What you have to do:
When you reach the line holding "BMW X5, 3.0 L, 2013 il, 230 000 km" in the material below, return that line and each one after it, word for word, with the pictures dropped.
══ The data ══
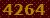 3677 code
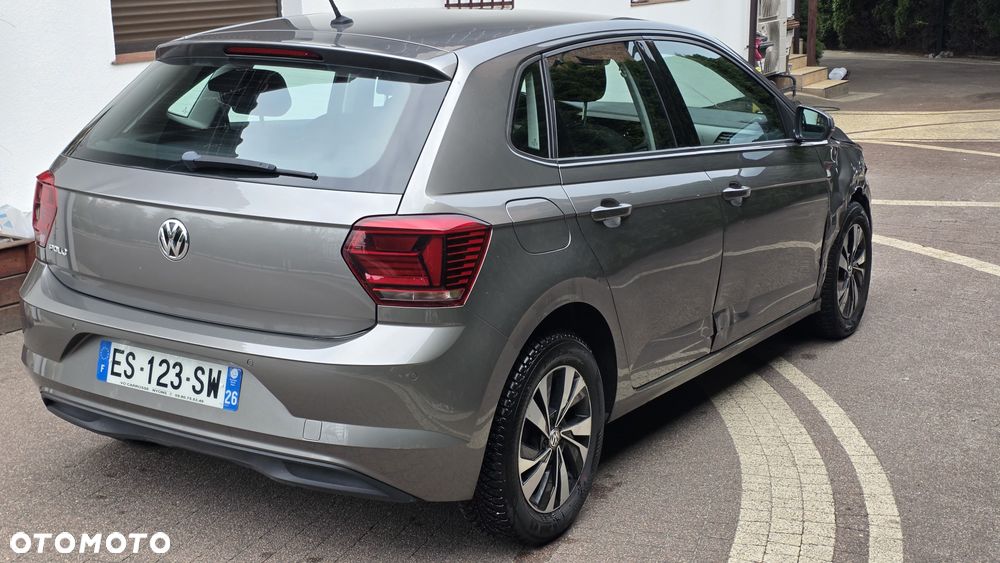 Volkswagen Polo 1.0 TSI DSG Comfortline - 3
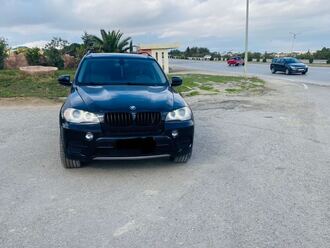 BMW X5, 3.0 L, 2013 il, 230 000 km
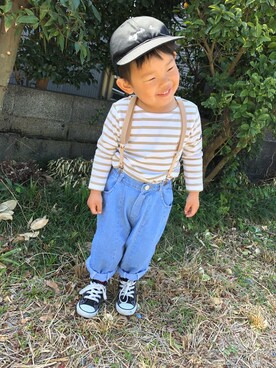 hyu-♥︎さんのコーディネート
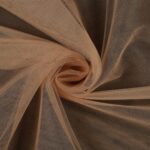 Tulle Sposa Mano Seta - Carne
═══
Answer area:
 BMW X5, 3.0 L, 2013 il, 230 000 km
 hyu-♥︎さんのコーディネート
 Tulle Sposa Mano Seta - Carne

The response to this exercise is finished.